Former Santa Clara County Bar Association President
McManis Faulkner represented a prominent attorney who had been sued for malicious prosecution, defamation, and several other causes of action, all related to a lawsuit he had filed in state court. The defendant in that action became a plaintiff by suing the attorney and approximately 30 other parties in two state court actions. After the state court lawsuit settled in 2001, the plaintiff filed a new suit against many of the same parties in federal court. McManis Faulkner prevailed on two motions to dismiss the federal lawsuit, the second one granted without leave to amend.
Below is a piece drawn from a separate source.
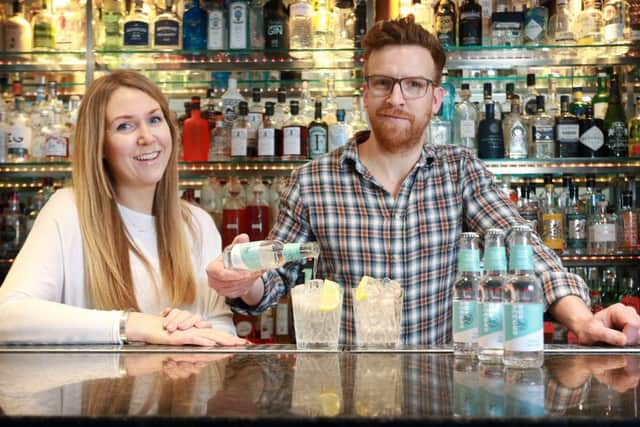 Karen Knowles and Nathan Burrough, founders of relaunched Bon Accord, pour the first batch of their new tonic. Picture: Stewart Attwood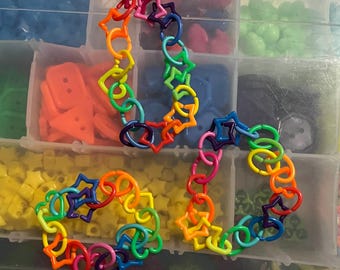 May include: A rainbow colored plastic chain necklace with star and heart shaped links. The necklace is made of multiple colors including red, orange, yellow, green, blue, indigo, and violet.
Undeterred, the plaintiff appealed the decision to the Ninth Circuit, which affirmed the lower court’s decision to dismiss all claims against all defendants without leave to amend. This decision ended a legal odyssey that took more than 10 years to resolve.
The Court of Appeal ruled the City of San Jose could not use $50 million in redevelopment money to fund its new city hall.
Al Ruffo, former mayor of San Jose
Al Ruffo sued the City of San Jose when he learned that more than $50 million of redevelopment money would be used to fund its new city hall. A state law specifically forbids cities from using redevelopment money for the construction of city halls. The City of San Jose claimed that the $50 million would not be used for construction but rather for infrastructure. The trial court granted summary judgment for the City. The Court of Appeal reversed this decision and sent it back to the trial court, finding state law prohibits the use of redevelopment funds to pay for any portion of the construction of a city hall. Ballot language for the city hall project stated that redevelopment funds would be used only for site acquisition, relocation, demolition and other activities related to providing a site, not for construction itself. The parties eventually settled the case, with no redevelopment funds used for the project. McManis Faulkner sought and obtained an attorney’s fee award of $1 million due to the public benefit conferred.
Reversed a trial court decision, ordering clients to pay more than $150,000 in attorney’s fees and costs to city government in connection with a permit dispute.
Retired Police Officer
Clients were sued by their city government for allegedly creating a public nuisance based on the height of their boundary fence. After the public nuisance case settled, the city sought and obtained an award for more than $150,000 in attorney’s fees and costs in connection with the lawsuit. McManis Faulkner argued that the city ordinance governing attorney’s fees for nuisance actions was invalid since it was one-sided: only the city could recover fees as it was written. State law prohibits such one-sided ordinances. Perhaps aware of the defect, the city passed a new ordinance allowing an award of fees to whichever side prevailed in a public nuisance action, but the new enactment did not become effective until six days after the action was dismissed. The Court of Appeal reversed the trial court’s decision. The clients did not have to pay the city any attorney’s fees or costs in connection with the lawsuit.